今のピーターはエンジニアに会って長寿を得るつもりでプロメテウス号に乗っていたが、何故エンジニアが長寿の技術を持っていることを知っているかは不明。そういえば、本作のアンドロイド、デヴットは初めてのはずの、エンジニアの宇宙船の内部にやたら詳しく、彼らの言葉を話せたり、ホイホイと設備を復旧させ、最後に「宇宙船はもっとあるし、俺操縦できるぜ」等と言いだしたりする。更に遺構で手に入れた怪しげな黒い液体をホロウェイに飲ませる。そのあと彼は恋人のショウとエッチして彼女は妊娠してしまう。その直後ホロウェイは、体が変質し焼き殺されてしまうから、ショウが子供を孕むチャンスは数時間しかなかった。その間二人がエッチしなかったらどうするつもりだったの?デヴィット君。ていうか、それ飲んだら人間の遺伝子が書き換えられるってなぜ知ってたの?そして予想通りショウの胎内で子供は急成長。するとショウは全自動手術機!で摘出手術を受ける。そしてどんな仕組みか分からないが、それだけの手術を受けてもその後元気に動き回っている。いやあ、未来の技術は凄いね。

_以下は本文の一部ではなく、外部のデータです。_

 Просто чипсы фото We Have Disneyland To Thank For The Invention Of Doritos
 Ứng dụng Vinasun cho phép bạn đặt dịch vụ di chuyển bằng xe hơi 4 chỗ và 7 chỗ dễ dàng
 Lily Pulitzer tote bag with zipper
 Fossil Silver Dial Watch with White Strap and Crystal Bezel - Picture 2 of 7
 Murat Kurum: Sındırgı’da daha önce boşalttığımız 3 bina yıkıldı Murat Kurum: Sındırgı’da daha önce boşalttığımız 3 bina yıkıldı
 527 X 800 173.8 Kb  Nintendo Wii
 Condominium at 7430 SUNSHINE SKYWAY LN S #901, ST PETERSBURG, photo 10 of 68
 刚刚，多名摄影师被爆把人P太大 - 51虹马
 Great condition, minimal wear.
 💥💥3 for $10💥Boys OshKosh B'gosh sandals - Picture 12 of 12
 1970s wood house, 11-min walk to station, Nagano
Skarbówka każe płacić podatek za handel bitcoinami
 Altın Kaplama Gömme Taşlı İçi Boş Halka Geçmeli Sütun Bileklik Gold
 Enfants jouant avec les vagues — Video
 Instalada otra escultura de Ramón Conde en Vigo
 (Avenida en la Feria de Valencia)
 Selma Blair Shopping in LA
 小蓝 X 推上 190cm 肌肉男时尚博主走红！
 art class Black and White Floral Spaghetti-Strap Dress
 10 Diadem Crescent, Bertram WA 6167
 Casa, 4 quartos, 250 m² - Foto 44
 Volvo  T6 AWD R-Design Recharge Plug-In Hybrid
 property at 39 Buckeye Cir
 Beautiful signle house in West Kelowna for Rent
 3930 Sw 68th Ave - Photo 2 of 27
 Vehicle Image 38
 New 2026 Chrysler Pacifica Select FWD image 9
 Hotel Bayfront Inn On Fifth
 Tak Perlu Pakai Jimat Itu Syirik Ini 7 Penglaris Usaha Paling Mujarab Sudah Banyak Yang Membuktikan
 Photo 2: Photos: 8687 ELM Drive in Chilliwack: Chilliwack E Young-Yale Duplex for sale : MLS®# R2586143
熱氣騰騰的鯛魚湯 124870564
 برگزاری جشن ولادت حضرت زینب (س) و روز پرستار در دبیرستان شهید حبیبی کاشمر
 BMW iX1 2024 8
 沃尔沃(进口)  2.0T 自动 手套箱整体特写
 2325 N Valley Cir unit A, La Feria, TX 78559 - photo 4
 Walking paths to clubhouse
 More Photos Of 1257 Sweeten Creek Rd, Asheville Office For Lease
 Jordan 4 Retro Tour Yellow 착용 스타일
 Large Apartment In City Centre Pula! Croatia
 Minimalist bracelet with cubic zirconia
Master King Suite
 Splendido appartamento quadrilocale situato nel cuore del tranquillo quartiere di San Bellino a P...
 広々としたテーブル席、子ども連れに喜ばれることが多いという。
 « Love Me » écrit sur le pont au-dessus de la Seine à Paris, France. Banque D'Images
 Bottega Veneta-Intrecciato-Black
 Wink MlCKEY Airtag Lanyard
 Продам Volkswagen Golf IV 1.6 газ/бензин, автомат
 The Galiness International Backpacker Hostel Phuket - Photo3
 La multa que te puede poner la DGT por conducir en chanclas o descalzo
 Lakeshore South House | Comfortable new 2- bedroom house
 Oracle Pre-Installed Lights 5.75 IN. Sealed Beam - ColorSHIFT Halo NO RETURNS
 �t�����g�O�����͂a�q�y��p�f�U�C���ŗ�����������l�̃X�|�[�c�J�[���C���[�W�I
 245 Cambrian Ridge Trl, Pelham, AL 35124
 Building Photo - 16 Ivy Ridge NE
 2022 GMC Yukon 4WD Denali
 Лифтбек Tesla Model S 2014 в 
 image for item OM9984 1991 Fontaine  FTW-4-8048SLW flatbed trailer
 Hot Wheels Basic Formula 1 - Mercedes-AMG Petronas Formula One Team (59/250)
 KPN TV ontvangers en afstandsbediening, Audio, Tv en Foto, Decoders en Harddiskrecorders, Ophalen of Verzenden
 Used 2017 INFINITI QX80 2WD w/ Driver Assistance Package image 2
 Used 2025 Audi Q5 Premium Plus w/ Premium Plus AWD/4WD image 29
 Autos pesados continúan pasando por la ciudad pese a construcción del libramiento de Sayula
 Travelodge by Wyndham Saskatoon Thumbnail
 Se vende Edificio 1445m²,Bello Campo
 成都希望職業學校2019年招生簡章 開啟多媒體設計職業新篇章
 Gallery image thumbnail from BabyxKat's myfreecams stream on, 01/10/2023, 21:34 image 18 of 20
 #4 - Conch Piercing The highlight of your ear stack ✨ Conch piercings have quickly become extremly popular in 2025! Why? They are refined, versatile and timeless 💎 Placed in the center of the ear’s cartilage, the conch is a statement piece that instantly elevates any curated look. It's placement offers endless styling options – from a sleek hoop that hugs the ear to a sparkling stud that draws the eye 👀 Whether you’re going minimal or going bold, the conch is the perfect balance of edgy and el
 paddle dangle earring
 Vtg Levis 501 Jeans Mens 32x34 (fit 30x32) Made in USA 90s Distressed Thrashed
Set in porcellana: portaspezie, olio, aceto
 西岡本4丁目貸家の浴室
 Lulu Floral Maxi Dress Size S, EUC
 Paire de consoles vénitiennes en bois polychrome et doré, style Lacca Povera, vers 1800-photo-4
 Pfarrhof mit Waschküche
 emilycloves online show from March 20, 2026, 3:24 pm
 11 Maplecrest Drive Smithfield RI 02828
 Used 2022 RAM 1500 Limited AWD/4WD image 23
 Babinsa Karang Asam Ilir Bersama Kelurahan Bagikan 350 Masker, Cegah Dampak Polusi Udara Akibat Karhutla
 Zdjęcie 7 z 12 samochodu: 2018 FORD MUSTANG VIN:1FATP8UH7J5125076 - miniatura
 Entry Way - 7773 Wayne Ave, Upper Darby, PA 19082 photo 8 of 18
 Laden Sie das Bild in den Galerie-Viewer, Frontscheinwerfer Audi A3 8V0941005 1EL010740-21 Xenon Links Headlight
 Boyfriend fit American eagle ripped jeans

そもそも舞台となったLV-223はどこにあるんだろう?人工冬眠を使っているから、まだワープ技術は持っていないはずがだから、2年で到着したとすると太陽系内のはず。シャーリーズ・セロンが「8億キロを超えて」というセリフがあるから、大体木星と土星の間ぐらいになりと思うが、ヘルメットなしで過ごせるような環境がその位置の星にあるはずない。光の速度が出せたとしても、地球から2光年以内に恒星はないはずだが?

その後も色々あるが、とにかく本作は伏線を全然回収してくれないから、こっちで色々と考察しなくてはいけないという、とにかく見ていると疲れる映画。この辺りは続編を意識したのかもしれないが、その後作られた「      エイリアン: コヴェナント」では、全く回収されず、更に輪をかけて投げっぱなしの映画となってしまった。そもそも本作には、肝心のエイリアンがほぼ登場せず、終始アンドロイドのデヴィットがクルーたちの脅威として話が進んでいく。ひょっとしてリドリー・スコットは「ブレード・ランナー」を、やりたかったのではないかという気すらしてきた。

当初は「エイリアン」シリーズの第5作として企画が立ち上がったものの、監督に予定されたジェームス・キャメロンが急遽降板。その後、リドリー・スコットがプロデューサーを務めることになり、カール・エリック・リンシュに監督させようとしたが、20世紀フォックスは納得せず、結局、リドリーが監督を務めることになる。この辺りで「エイリアン」の前日譚を描くという方向性が決まった。リドリーは完成後、「エイリアン」の前日譚ではあるものの、シリーズとの関連性は薄く、オリジナルの ストーリーだと曖昧なコメントしている。

こいつら結局何がしたかったんだ?

 

タイトルに「エイリアン」を付けなかったのは、シリーズものになるとどうしても敷居が高くなり、一見さんが入りにくくなるから、商業的な配慮だと思う。この判断は商売という点でいうと、4億ドルもの興行成績を出したところを見ると、間違ってはいなかったと思う。ただ、何も知らずに見に行った観客から、不興を買ったのも事実。

リドリーが「エイリアン」第1作を監督したのは事実だが、脚本はダン・オノバンだから、リドリーが「エイリアン」の生みの親ではない。そんな彼に「エイリアン・シリーズ」の再構築を依頼するのは無理があったように思える。普通に宇宙を舞台にしたモンスター・パニック映画にすればそれなりに面白い映画になっていたはずなのに、「人類の起源」等と大風呂敷を広げようとしたのが躓きの始まり。畳めない風呂敷は、広げるべきでない。